### INSTRUCTIONS FOR THE TASK:
Could you return all of the entries word for word, minus any pictures?

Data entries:
□ □ □ □ □

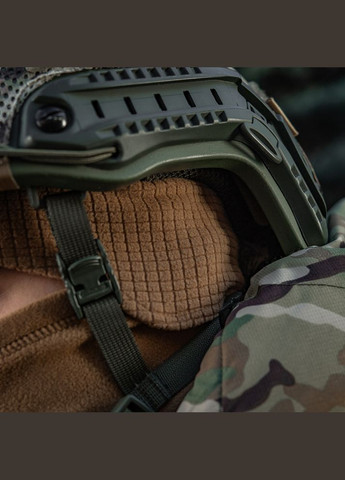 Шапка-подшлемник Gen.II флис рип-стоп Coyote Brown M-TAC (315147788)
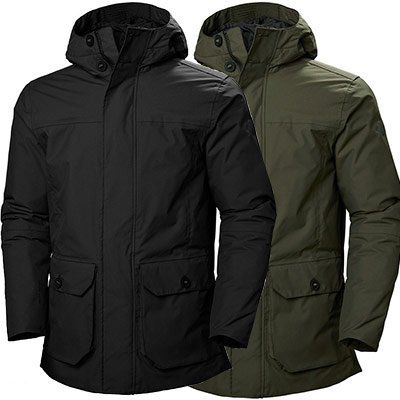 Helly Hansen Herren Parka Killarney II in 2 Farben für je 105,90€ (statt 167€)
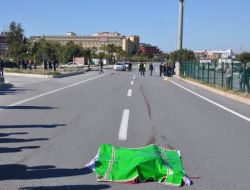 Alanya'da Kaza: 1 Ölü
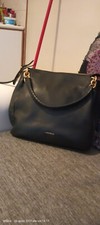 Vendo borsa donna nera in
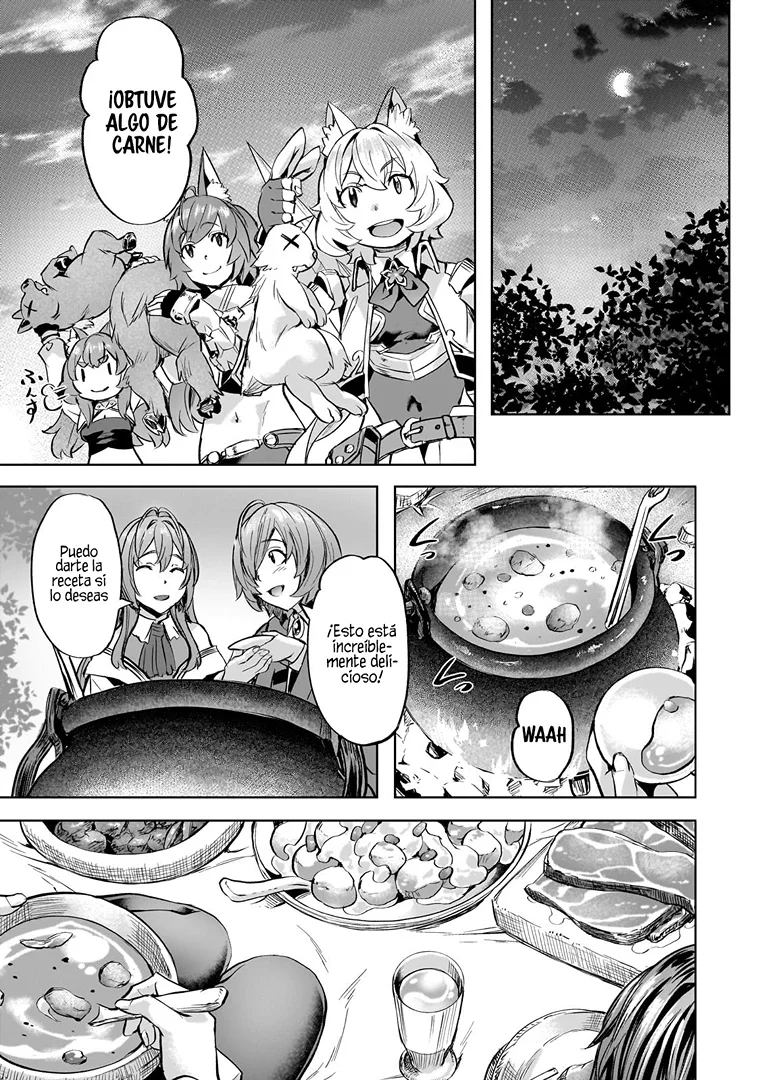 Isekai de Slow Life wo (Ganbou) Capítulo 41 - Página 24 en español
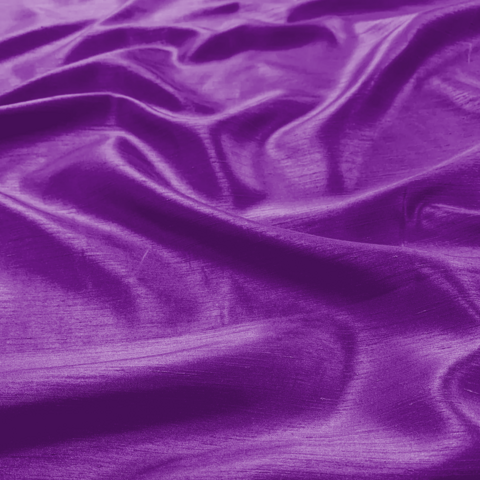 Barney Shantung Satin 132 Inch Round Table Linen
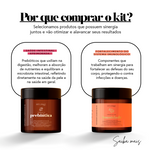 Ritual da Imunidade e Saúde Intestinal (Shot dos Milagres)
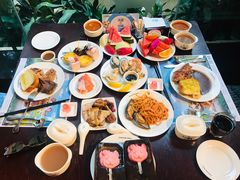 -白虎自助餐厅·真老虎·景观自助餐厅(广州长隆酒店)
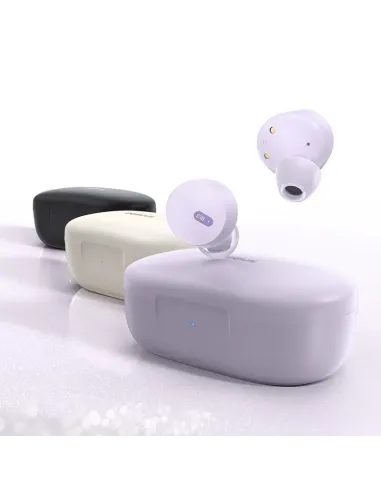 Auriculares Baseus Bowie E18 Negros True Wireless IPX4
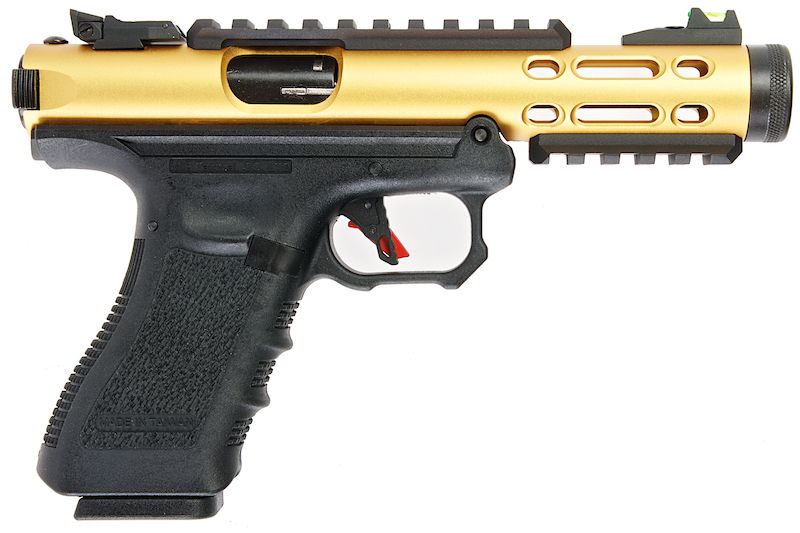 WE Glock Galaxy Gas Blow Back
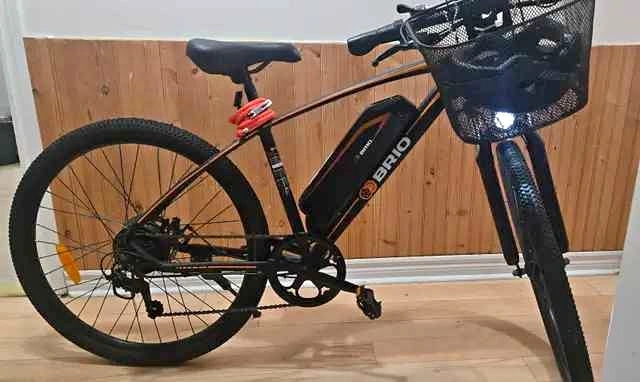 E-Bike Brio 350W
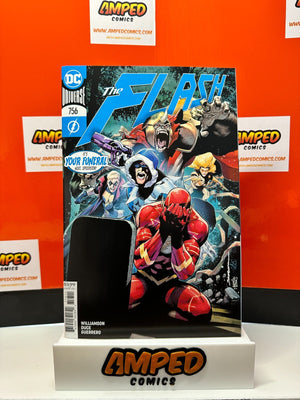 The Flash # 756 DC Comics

□ □ □ □ □

### ANSWER BOX:
 Шапка-подшлемник Gen.II флис рип-стоп Coyote Brown M-TAC (315147788)
 Helly Hansen Herren Parka Killarney II in 2 Farben für je 105,90€ (statt 167€)
 Alanya'da Kaza: 1 Ölü
 Vendo borsa donna nera in
 Isekai de Slow Life wo (Ganbou) Capítulo 41 - Página 24 en español
 Barney Shantung Satin 132 Inch Round Table Linen
 Ritual da Imunidade e Saúde Intestinal (Shot dos Milagres)
 -白虎自助餐厅·真老虎·景观自助餐厅(广州长隆酒店)
 Auriculares Baseus Bowie E18 Negros True Wireless IPX4
 WE Glock Galaxy Gas Blow Back
 E-Bike Brio 350W
 The Flash # 756 DC Comics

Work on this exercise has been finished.